§ **GOAL OF THE EXERCISE**
Pictures excluded, output the lines of the data below between the one holding "So you've got" and the one holding "It varies here", inclusive, exactly as they stand.

§ **DATA**
BEGIN

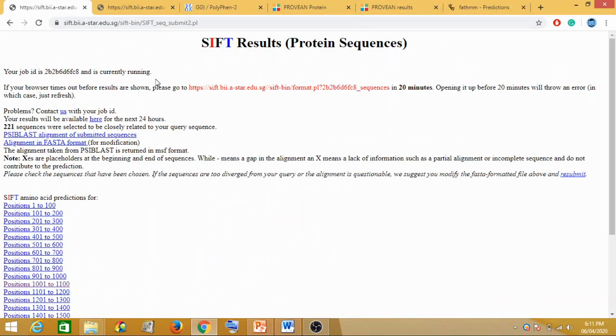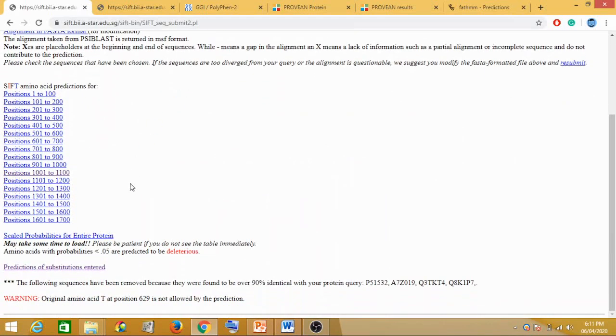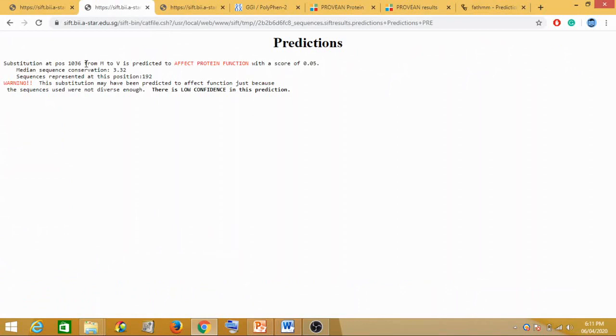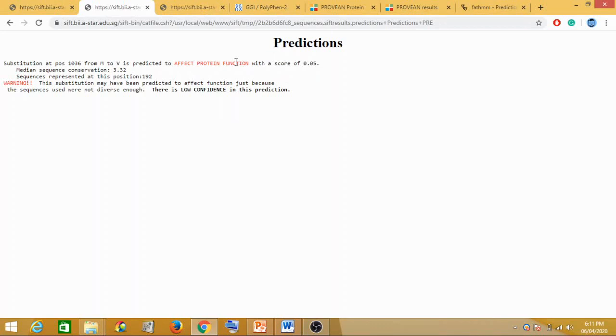If you look at predictions of the substitutions entered, if you click on this section, it shows substitution at position 1036 from methionine to valine is predicted to affect the protein function with a score of 0.05. So the score what we have obtained using SIFT is 0.05, and it is said to affect the protein function. That means using SIFT, the mutation analysis we have done is deleterious.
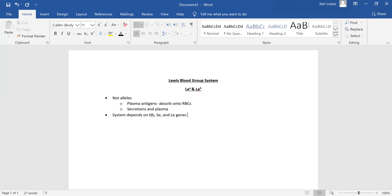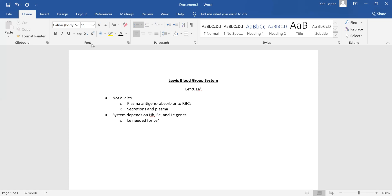So you've got your H-specificity, your secretor status, and now your Lewis blood group system. The system depends on your H-specificity, your secretor status, and your LE genes. LE is needed for LEA, and you need LE and secretor status to have LEB.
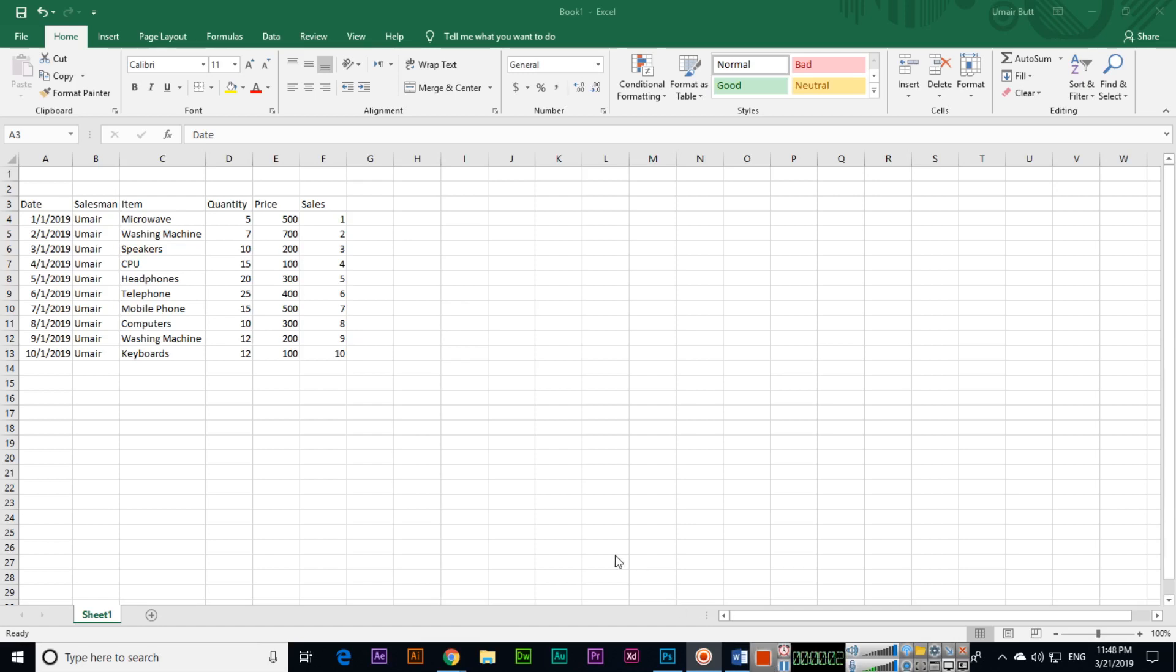Hello friends, in this video I will show you how you can apply borders to your cells and rows of your data in Microsoft Excel.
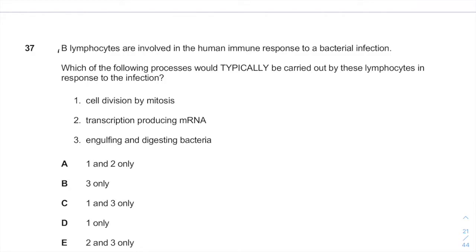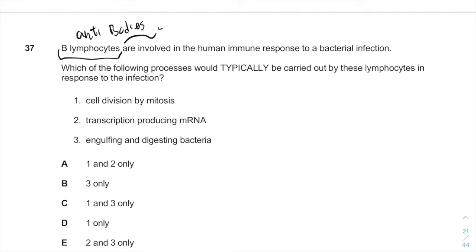B-lymphocytes are the immune cells that make antibodies and also make memory cells that remember how to make these antibodies when encountering a different pathogen that enters the body again.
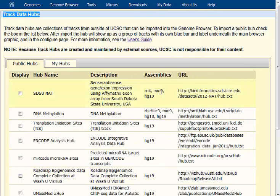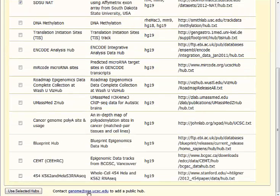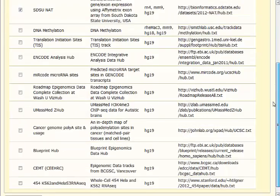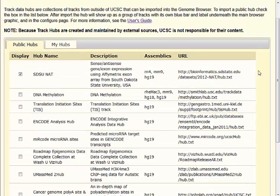It varies here — you can see rat, mouse, human. You can click the checkbox here, click the use selected hubs, and the data available from the server will be loaded onto the UCSC Genome Browser for you to explore. You can see a lot of research groups have tried this already, and they've created public hubs that are available for everyone to use.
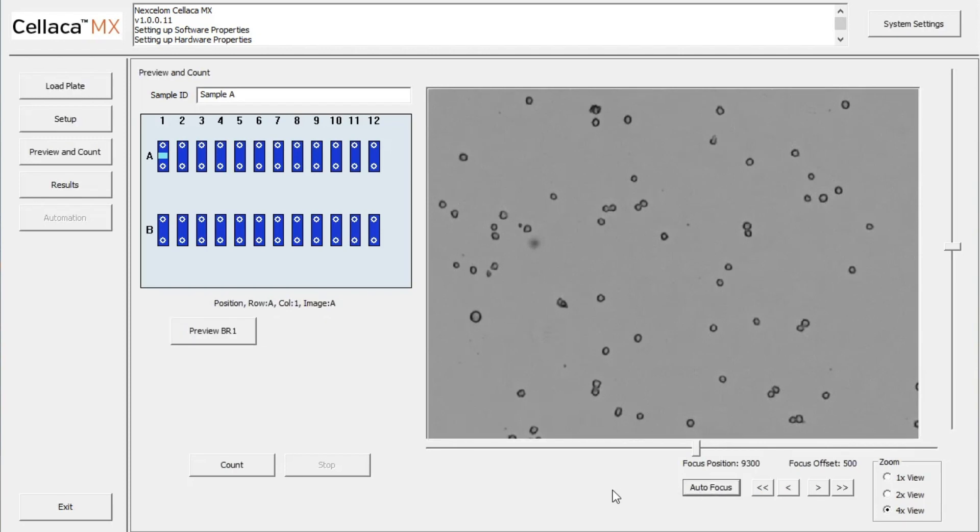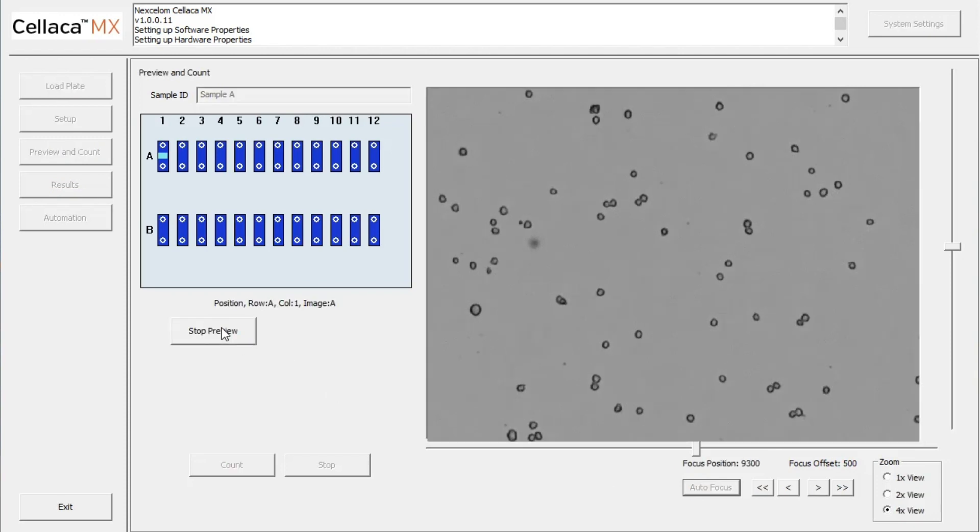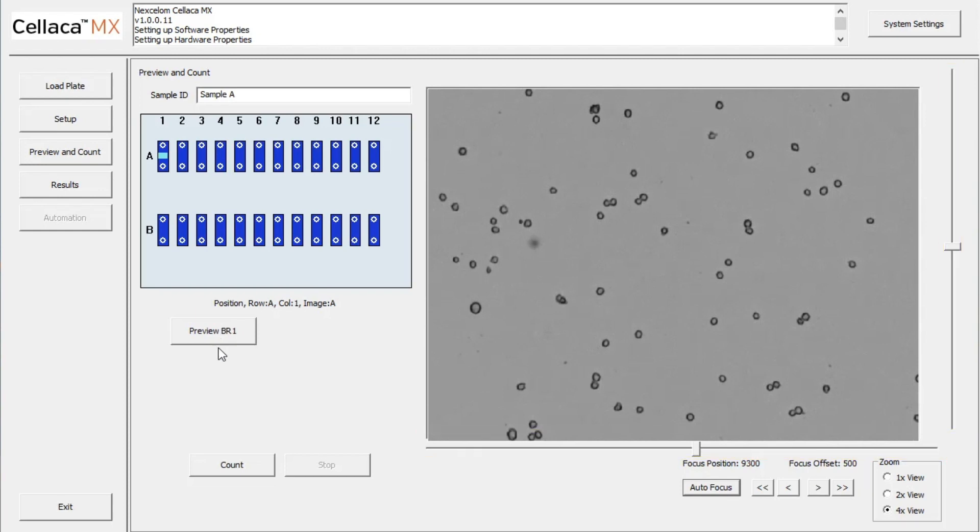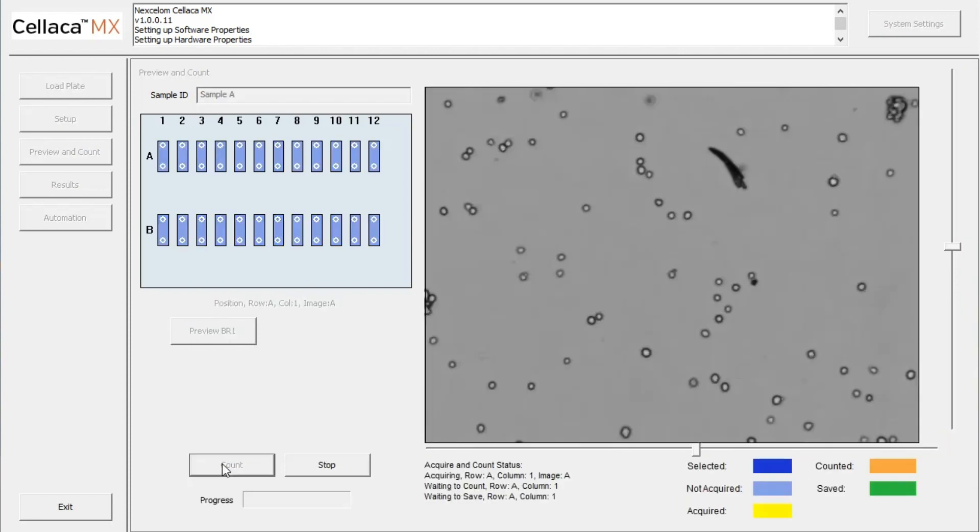With Autofocus complete, we can more closely examine the cells. The software allows up to 4 times magnification, as well as the ability to scroll across the sample. When cells are in focus, click Count.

END

§ **PROBLEM SOLUTION**
So you've got your H-specificity, your secretor status, and now your Lewis blood group system. The system depends on your H-specificity, your secretor status, and your LE genes. LE is needed for LEA, and you need LE and secretor status to have LEB.
Hello friends, in this video I will show you how you can apply borders to your cells and rows of your data in Microsoft Excel.
B-lymphocytes are the immune cells that make antibodies and also make memory cells that remember how to make these antibodies when encountering a different pathogen that enters the body again.
It varies here — you can see rat, mouse, human. You can click the checkbox here, click the use selected hubs, and the data available from the server will be loaded onto the UCSC Genome Browser for you to explore. You can see a lot of research groups have tried this already, and they've created public hubs that are available for everyone to use.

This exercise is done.